La questione salariale è il cuore dello sciopero generale.
 
L'associazione politico-culturale UmbriaLeft sostiene lo sciopero generale proclamato per venerdì 29 novembre dalla CGIL e dalla UIL. Lo sciopero propone finalmente come centrale la “questione salariale”.
La stagnazione dei salari affligge l'Italia dall'inizio degli anni ‘90, dall'accordo capestro per i lavoratori del 31 luglio 1992, quando le organizzazioni sindacali sottoscrissero l'abolizione della “scala mobile”, la rinuncia alla contrattazione e l'impegno alla moderazione salariale a oltranza, con riferimento alla famigerata “inflazione programmata”. Quindi, una sconfitta dei salariati e dei pensionati che viene da lontano, sicuramente dal febbraio 1978, dal convegno dell'EUR, quando il leader della CGIL, Luciano Lama, definì il salario una “variabile subordinata” al profitto d'impresa.
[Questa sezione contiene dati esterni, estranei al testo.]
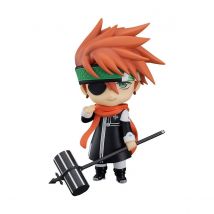 D.gray-man - Figurine Nendoroid Lavi 10 Cm - Orange Rouge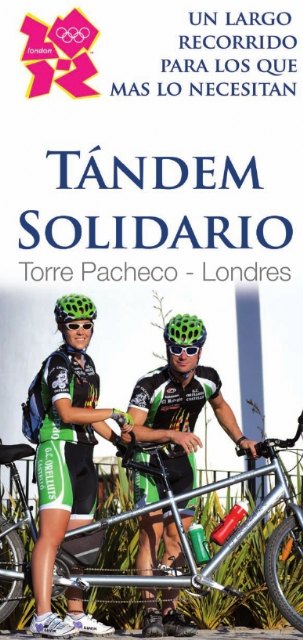 Dos profesores pachequeros viajaran a Londres en tandem para conseguir los fondos necesarios para la construcción de un instituo en Mali - 2, Foto 2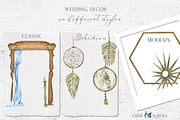 -20% Boho Wedding Portrait Creator, a Decorative Illustration by Cat In Colour (Thumbnail 10 of 12)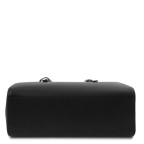 Чорна жіноча сумка з натуральної шкіри Tuscany Leather TL142037 Black - Фотографія № 103
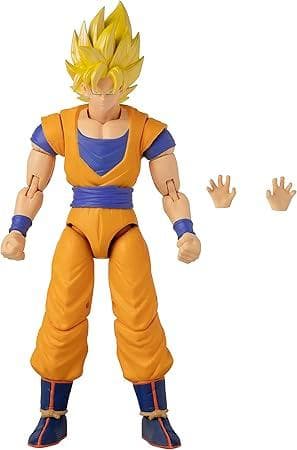 ドラゴンボール超 ドラゴンスターズ - 超サイヤ人悟空バージョン2、6.5インチ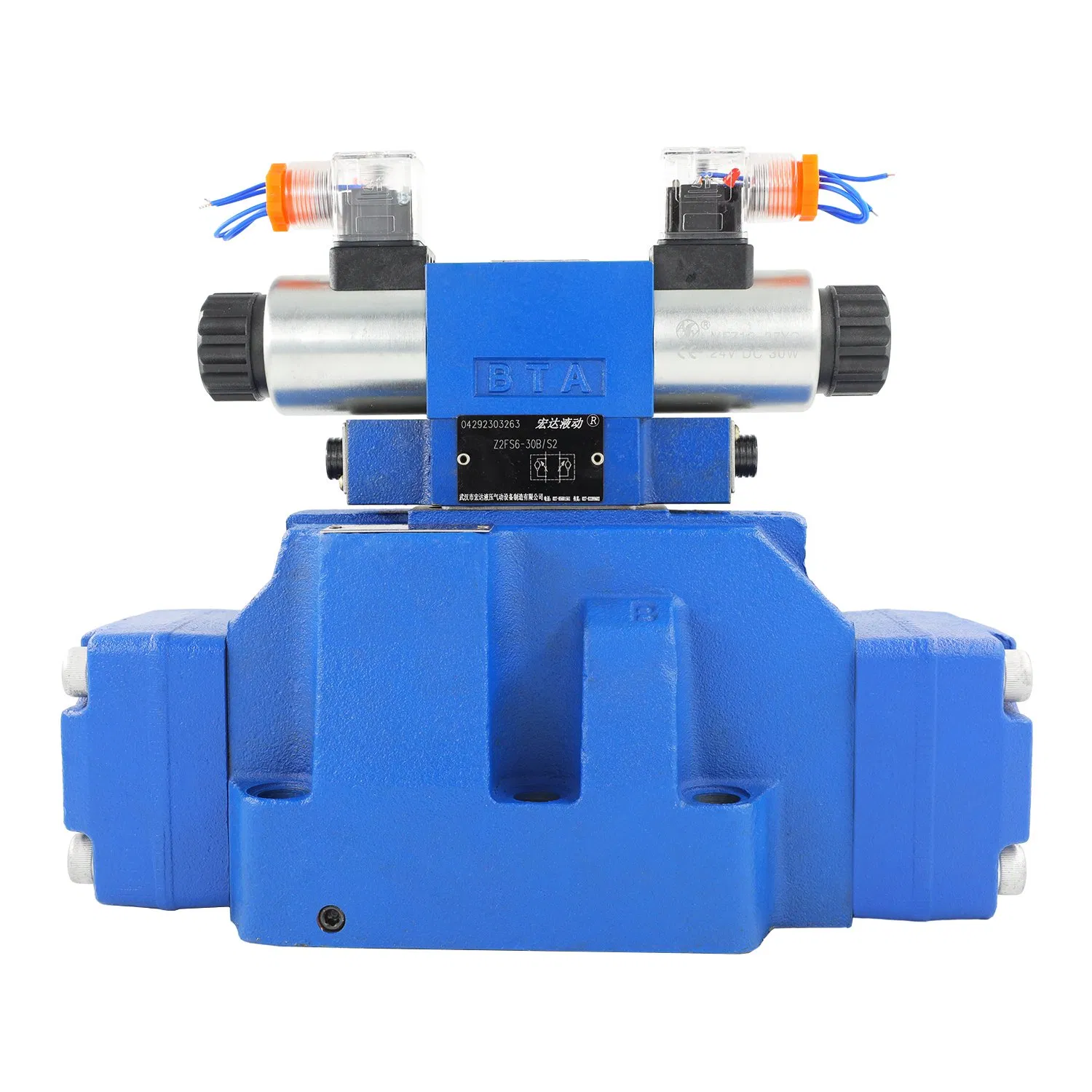 Гидравлический клапан 4WEH16E-24V с электрогидравлическим управлением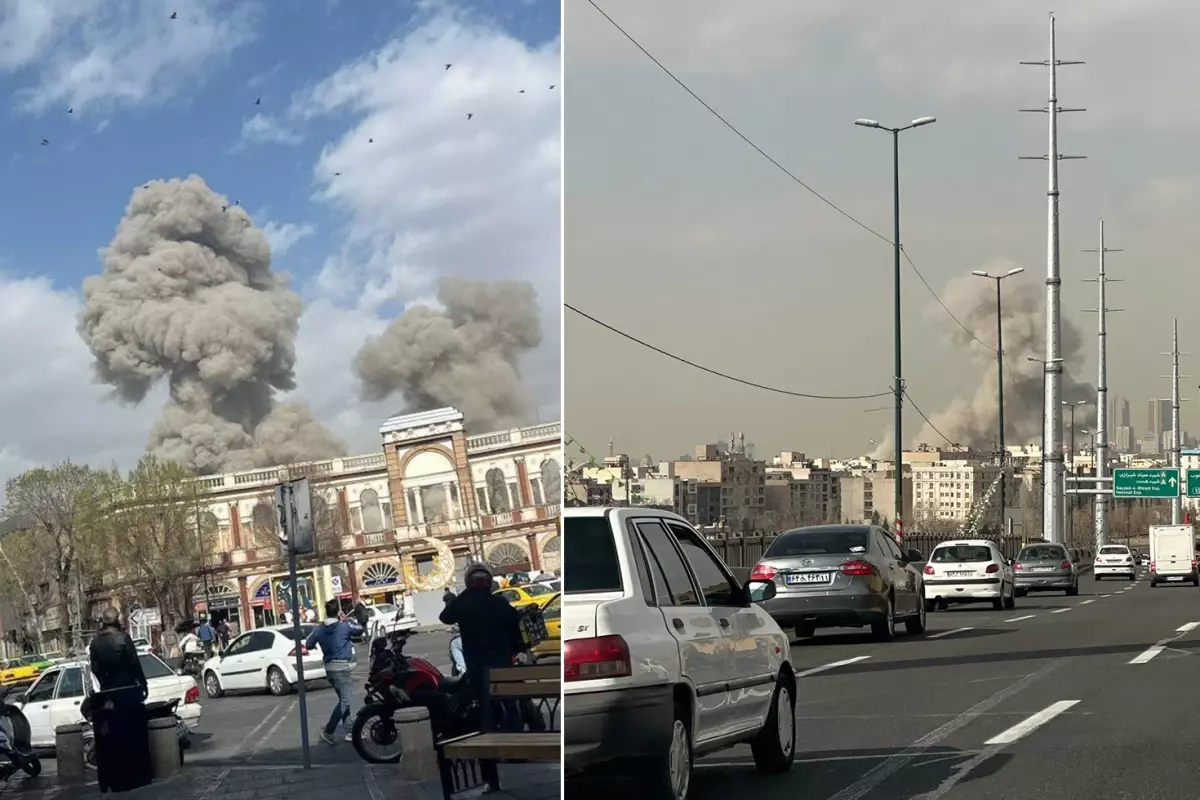 İran'dan saldırılar sonrası ilk açıklama! İşte vurulan şehirler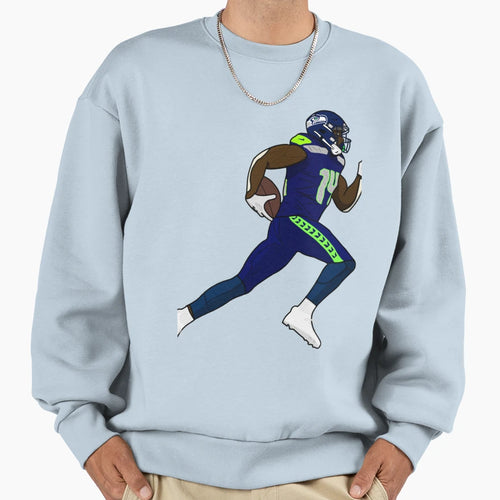 Dk Metcalf Drawing Sweatshirt - Novelty Apparel Men Women - T-Shirt, Sweatshirt, Hoodie
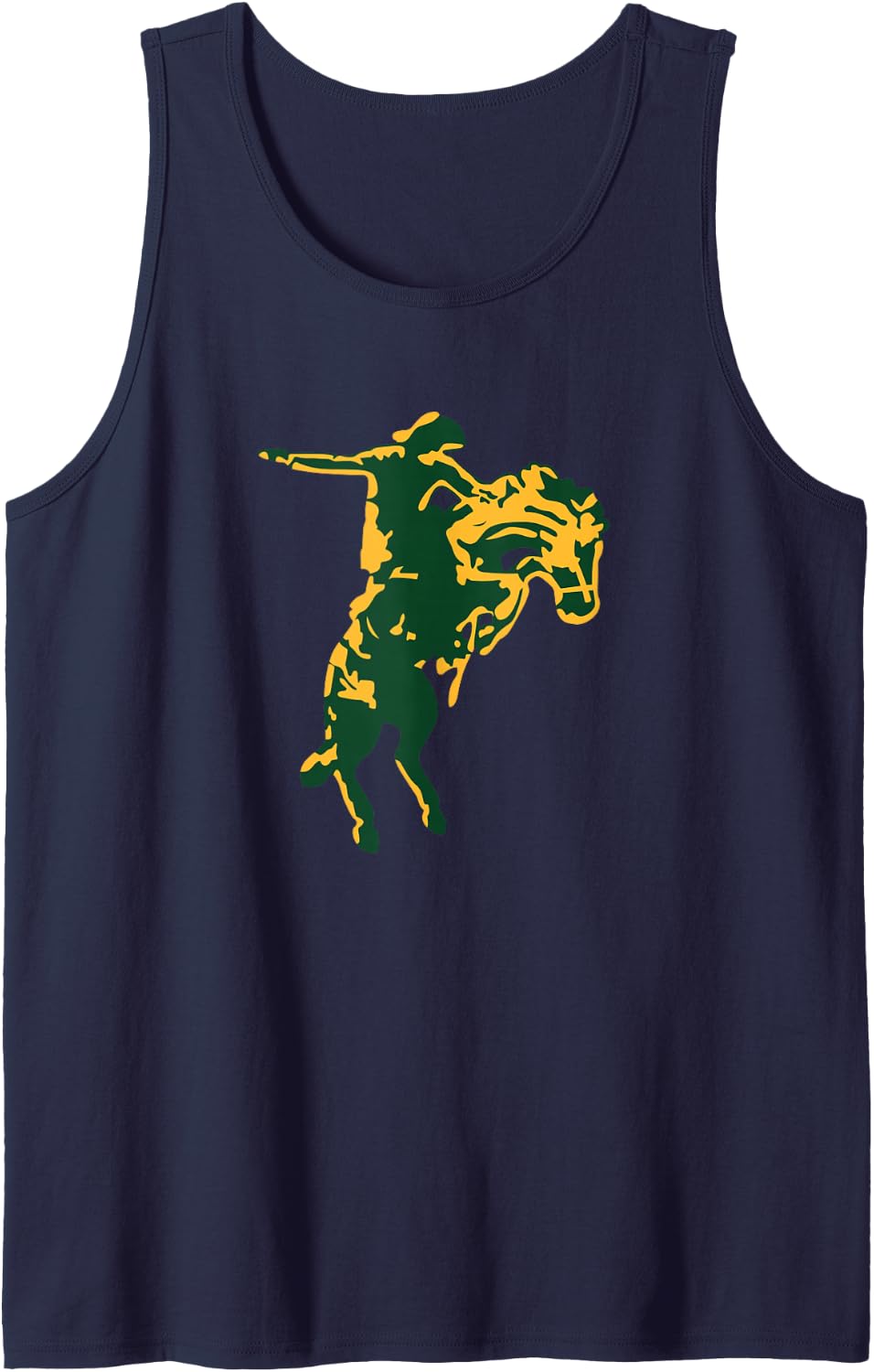 Hamilton Township Rangers Tank Top - Navy Blue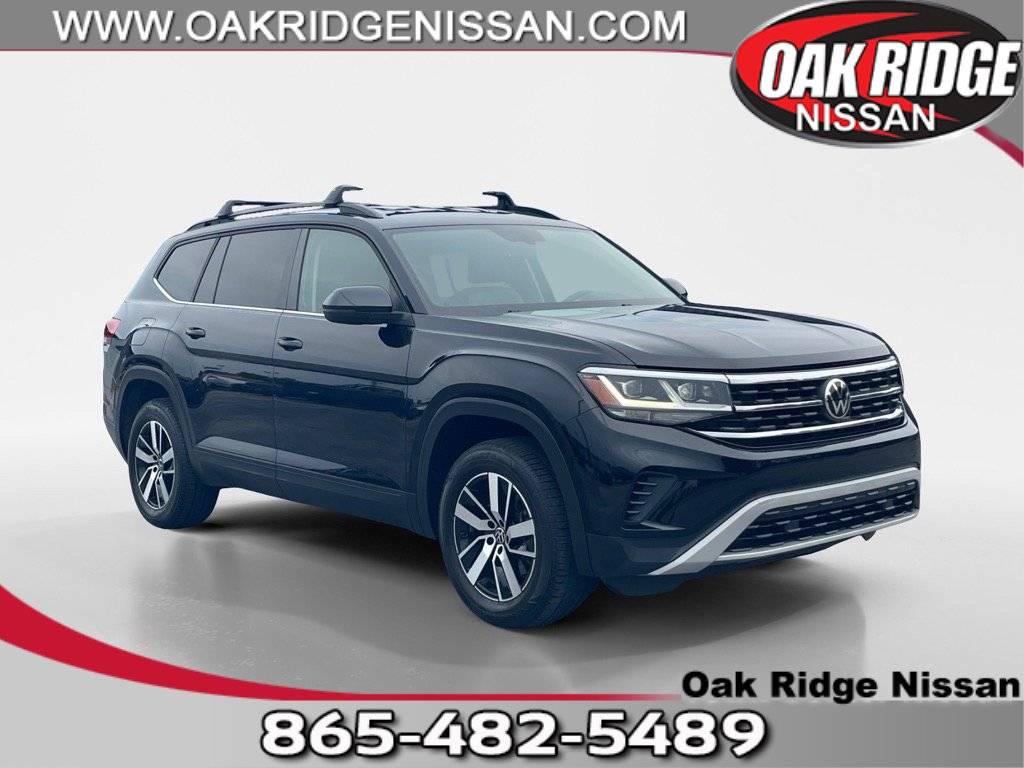 2021 Volkswagen Atlas SE — SUV — 93,321 mi — Oak Ridge, TN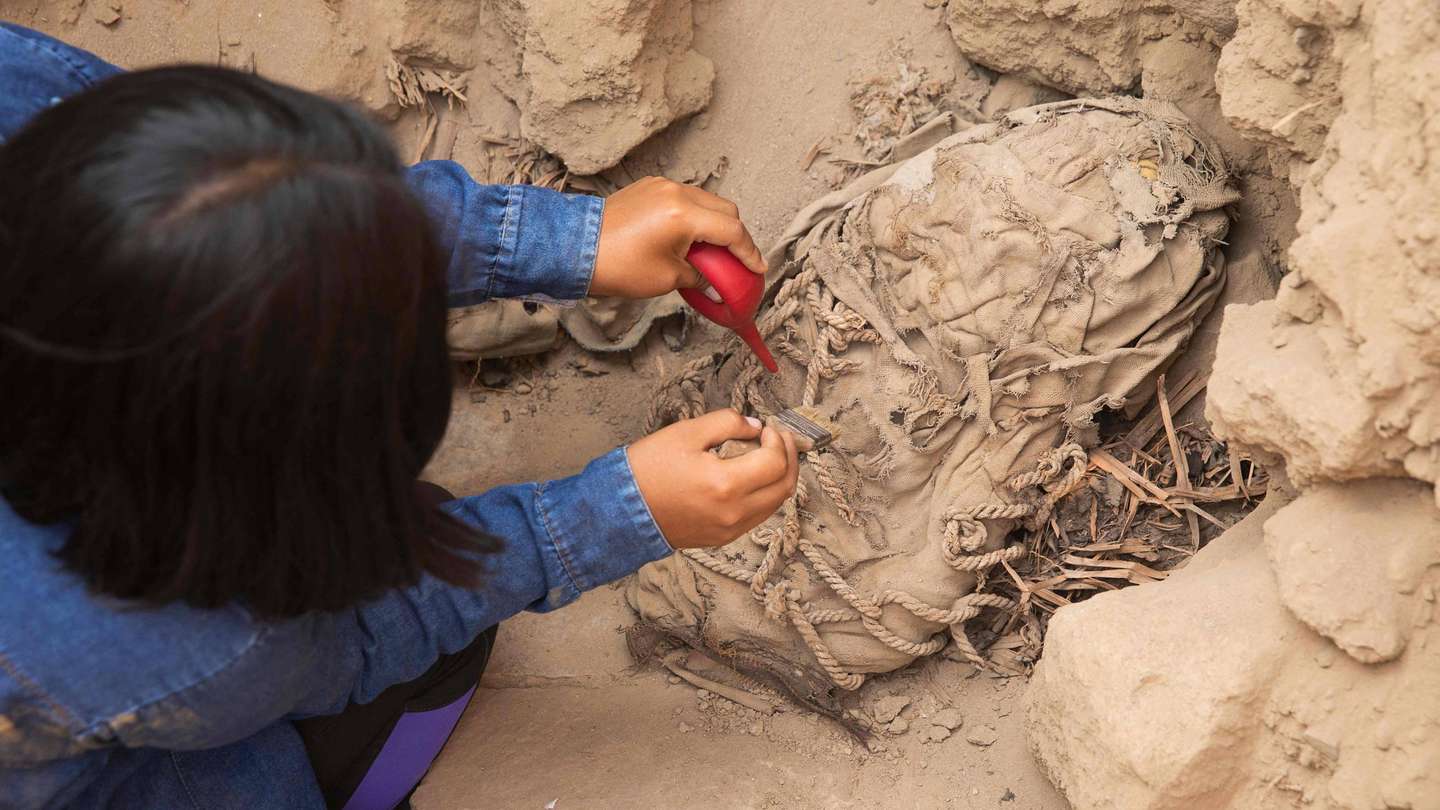 El hallazgo de 6 momias infantiles en Perú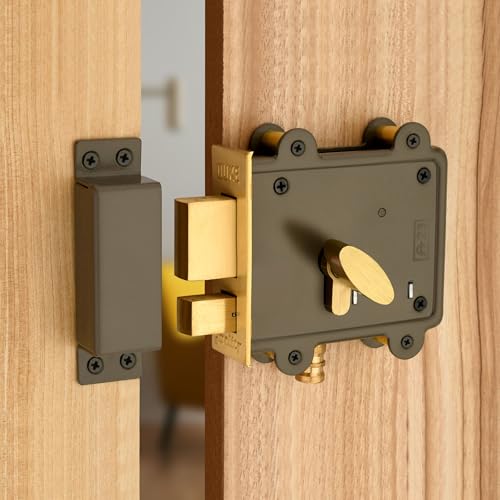 Image of Duke DUKE2000 Key Main Door Lock (Grey) Metallic Finish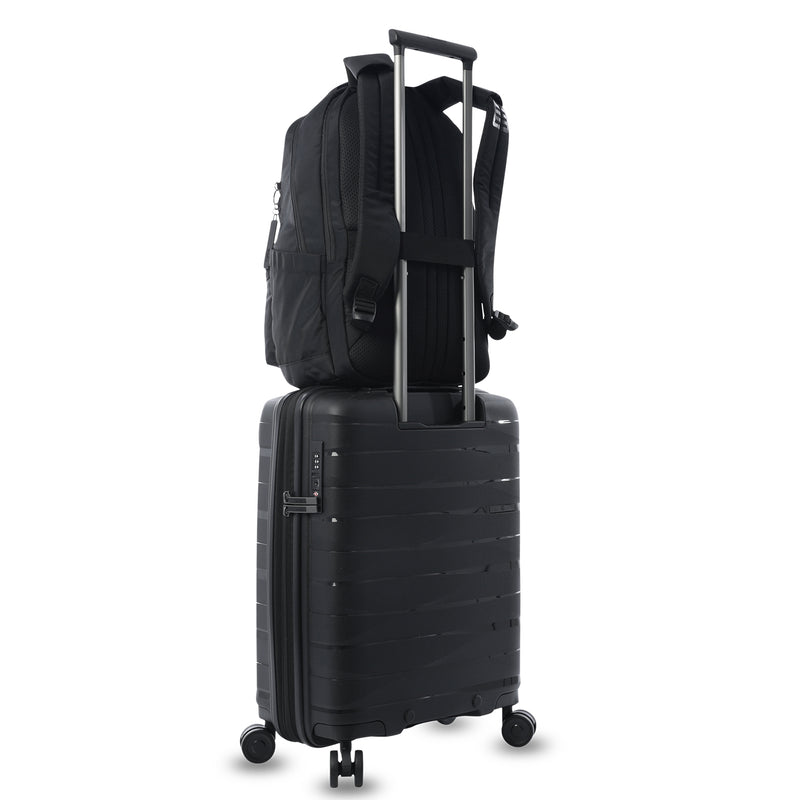 Mochila Antimpacto Comfort Porta PC 16" Negro Mujer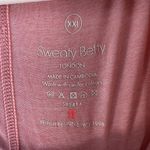 Sweaty Betty XXL Energise Long Sleeve Gym Top Lightweight Wicking Pink Crew Neck Photo 3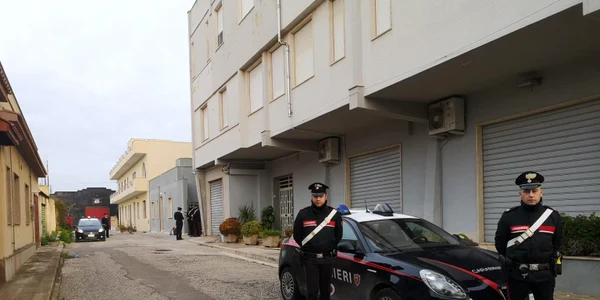 Carabinieri politie Italia FOTO EPA EFE jpg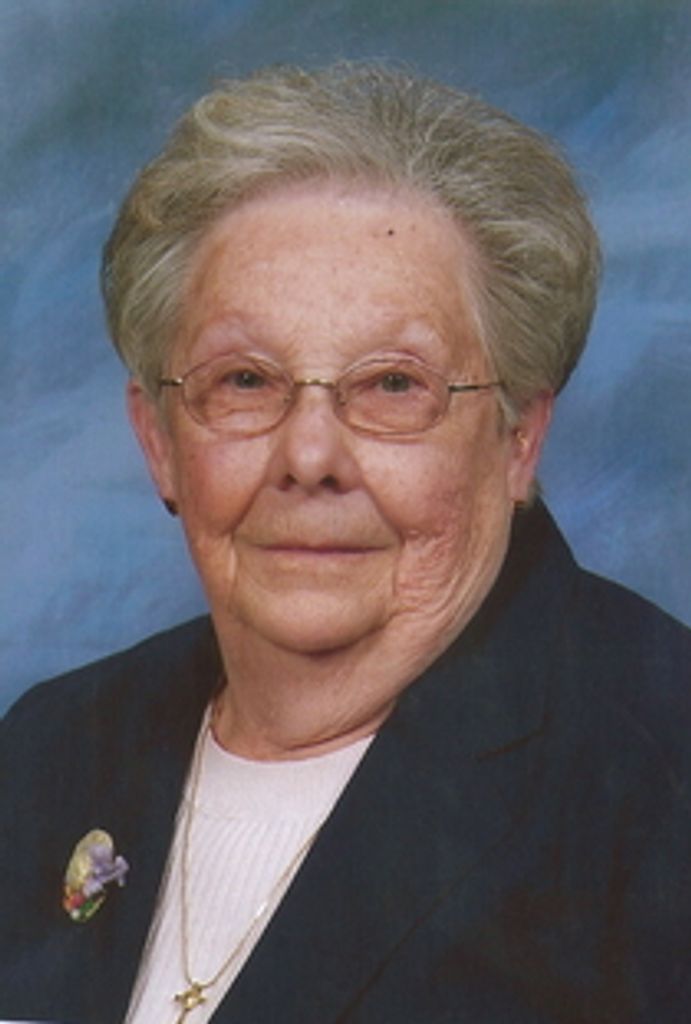 Elizabeth "Betty"  M.  (Mcdonald)  Parish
Una politica sindacale che ha contribuito al declino economico del nostro Paese e allo spostamento della ricchezza verso la rendita e il profitto, a scapito dei salari e delle pensioni, invece che all'abbassamento delle tariffe dei servizi pubblici, la lotta all'evasione fiscale, la promozione dell'occupazione e degli investimenti pubblici.
I dati che ci fornisce l'Ocse sono impietosi: tra il 1990 e il 2020, l'Italia è l'unica economia con una contrazione del salario medio anno (-2,9%), mentre in tutte le altre aumenta, dalla Spagna (+6,2%), alla Francia (+31,1%), alla Germania (+34%). Un trend discendente che è continuato anche dopo la pandemia. Il potere d'acquisto dei salari e degli stipendi in Italia è calato del 3,3% nel 2022 e di un ulteriore 4% nel 2023, con un’inflazione del 17% nello stesso periodo.

In Umbria perdura uno svantaggio retributivo del lavoro dipendente nel settore privato, che nel complesso risulta inferiore dell'11,5% rispetto a quello medio nazionale. Le retribuzioni dei dipendenti privati, con contratti a tempo pieno e a tempo indeterminato, nella nostra regione sono pesantemente penalizzate: un apprendista, -5,8%; un dirigente, -16,1%; un quadro -12,3%; un impiegato -8,9%; un operaio -6,7%, rispetto a quelle nazionali. Dati che ci parlano di un’emergenza sociale ed economica cui va aggiunta la nota penalizzazione delle donne, anche a parità di lavoro.
I salari stagnanti sono la diseguaglianza sociale che cresce in maniera esponenziale e la crescita della precarietà del lavoro e della vita. Ma significa anche che la struttura produttiva scivola verso settori a basso valore aggiunto (turismo, ristorazione, servizi alla persona), bassa capacità d’innovazione del processo produttivo e del prodotto e uno sviluppo industriale basato sul contenimento dei costi e sull'intensità dello sfruttamento del lavoro.

I salari e gli stipendi stagnanti significano la debolezza della domanda aggregata e, quindi, effetti negativi sulla produzione complessiva.
La crisi salariale, sintomo e causa della crisi industriale ed economica, avviene nel ciclo del trionfo del capitale sul lavoro, con la svolta liberista in politica economica (finanziarizzazione, decentramento produttivo, privatizzazioni, arretramento dello Stato, flessibilizzazione del mercato del lavoro, riduzione dei diritti e indebolimento dei sindacati). Siamo approdati a un modello di “terziarizzazione povera”, che ha significato massicci tagli alla spesa pubblica in ambiti particolarmente sensibili per la crescita e lo sviluppo (infrastrutture, istruzione, ricerca e innovazione) e lo sviluppo insensato di forme precarie di lavoro, molte volte temporaneo e a part-time involontario.
Proporre la questione salariale al centro della contesa sociale è una scelta giusta, e lo sciopero generale contro la manovra del Governo Meloni, che la ignora, è sacrosanto. È necessaria una vertenza prolungata, anche con più scioperi generali, affinché i 16,5 milioni di lavoratrici e di lavoratori si riprendano la ricchezza che gli è stata scippata dal profitto e dalla rendita.